Australian trade union and professional association for Qantas Group pilots

The Australian and International Pilots Association (AIPA) is an Australian trade union and professional association representing airline pilots employed by the Qantas Group. Formed in 1981, it is the largest professional body of airline pilots in Australia and, as of December 2024, had approximately 2,370 members. AIPA describes itself as "a professional association and federally registered organisation" rather than a traditional trade union.

The association represents pilots employed by Qantas Airways, Jetstar Airways, Eastern Australia Airlines, Express Freighters Australia, Network Aviation and Sunstate Airlines. In international aviation forums AIPA operates jointly with the Australian Federation of Air Pilots (AFAP) under the umbrella body Australian Airline Pilots' Association (AusALPA), which is the Australian member association of the International Federation of Air Line Pilots' Associations (IFALPA).

==History==

===Formation===
AIPA was formed in 1981 after the Qantas pilots' division broke away from the Australian Federation of Air Pilots (AFAP), which had until then represented Qantas flight crew. The split was driven by the changing international aviation environment of the period and a desire among Qantas pilots to strengthen their bargaining position as employees of Australia's international flag carrier. The association was formally registered as an industrial organisation in 1986.

===Jetstar coverage ruling===
In May 2007 the Australian Industrial Relations Commission ruled that AIPA could represent pilots employed by Jetstar Airways. The decision meant that coverage of Jetstar pilots would be shared between AIPA and the AFAP rather than held exclusively by the AFAP.

===ACTU affiliation===
Although AIPA had historically distanced itself from the broader union movement, in late 2006 it voted to affiliate with the Australian Council of Trade Unions (ACTU).

===2011 Qantas industrial dispute===

AIPA was one of three unions - alongside the Transport Workers Union of Australia (TWU) and the Australian Licenced Aircraft Engineers Association (ALAEA) - involved in the 2011 Qantas industrial dispute. Pilots took low-level protected industrial action during enterprise bargaining, including wearing red ties and making in-flight public address announcements to passengers about the dispute.

On 29 October 2011, Qantas chief executive Alan Joyce announced the immediate grounding of the airline's domestic and international fleet and a lockout of employees belonging to the three unions. The grounding cancelled 447 flights and affected approximately 70,000 passengers worldwide. AIPA vice-president Richard Woodward described the move as "a maniacal overreaction" and said Joyce was "holding a knife to the nation's throat".

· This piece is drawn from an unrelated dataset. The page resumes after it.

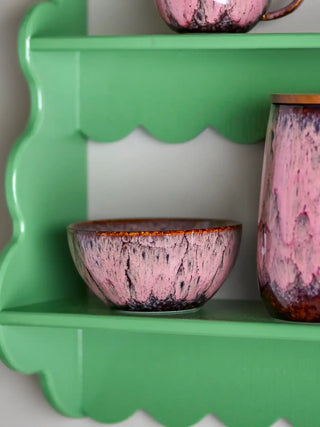 Schaal aardewerk roze Rayen 14cm - 4 stuks van Bloomingville, in een gestileerde detailopstelling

Fair Work Australia terminated the industrial action on 31 October 2011 following an urgent application by the Gillard Government. AIPA subsequently applied to the Federal Court of Australia for judicial review of that decision, arguing that the lockout was a disproportionate response to minor industrial action. Qantas reported that the dispute cost the company approximately A$194 million.

===Project Sunrise negotiations===
From 2019 to 2020 AIPA negotiated with Qantas over the long-haul enterprise agreement required to underpin Project Sunrise, the airline's plan to operate non-stop flights from Australia's east coast to London and New York using the Airbus A350-1000. During the negotiations Qantas indicated it would establish a separate employment entity with externally recruited pilots if agreement could not be reached. A deal was reached in March 2020, with approximately 85 per cent of voting members supporting the agreement.

===2021 Fair Work Commission ruling===
In June 2021 the Fair Work Commission ruled that AIPA would no longer be the sole union able to represent Qantas mainline pilots, opening coverage to the AFAP as well. Deputy president Tony Saunders found that while AIPA had "performed well" in its negotiations with Qantas, this did not make it the only organisation suited to represent the pilot group.

==Structure and governance==
AIPA is governed by a Committee of Management (CoM) made up of 40 Qantas Group pilots who are elected by and from the association's membership. The CoM is empowered under AIPA's registered rules to take all actions necessary to pursue the association's objectives, and executive decisions must be endorsed by the committee. The association's national office is located in Mascot, near Sydney Airport.

==Activities==
AIPA's principal activities include:
- Negotiating enterprise bargaining agreements (EBAs) covering pay, rostering, leave and working conditions for Qantas Group pilots;
- Representing members in workplace disputes and disciplinary proceedings;
- Advocating on aviation safety and regulatory matters to bodies including the Civil Aviation Safety Authority (CASA) and parliamentary inquiries;
- Participating in international aviation policy through IFALPA and the International Transport Workers' Federation.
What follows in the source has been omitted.